I just finished What Truth Sounds Like: RFK, James Baldwin And Our Unfinished Conversation About Race In America, by Michael Eric Dyson.

This book will be released on January 14, 2025.

The book is supposed to be about a 1963 meeting that Robert Kennedy had in apartment with James Baldwin, playwright Lorraine Hansberry, psychologist Kenneth Clark, activist Jerome Smith with him and several others. The meeting did not go well, as Kennedy was not prepared for the criticism that he and the administration was going to receive.

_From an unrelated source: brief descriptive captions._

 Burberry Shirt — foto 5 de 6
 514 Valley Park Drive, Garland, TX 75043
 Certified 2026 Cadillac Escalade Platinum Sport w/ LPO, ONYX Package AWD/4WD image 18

But, so little of the book was actually about that meeting. The rest of it was the author ranting about other subjects. There were rants on politicians, athletes and musicians, with each of those topics being split on discussing figures from the 1960s and the 2010s.

Occasionally, Dyson made a good point, but I spent most of the book wondering why did I decide to read this.

Those occasional good sets of paragraphs were the only things that resulted in this one getting a D, instead of an F. Goodreads and NetGalley require grades on a 1-5 star system. In my personal conversion system, a D equates to 1 star. (A or A+: 5 stars, B+: 4 stars, B: 3 stars, C: 2 stars, D or F: 1 star).

This review has been posted at NetGalley, Goodreads and my blog, Mr. Book’s Book Reviews

I finished reading this on September 1, 2024.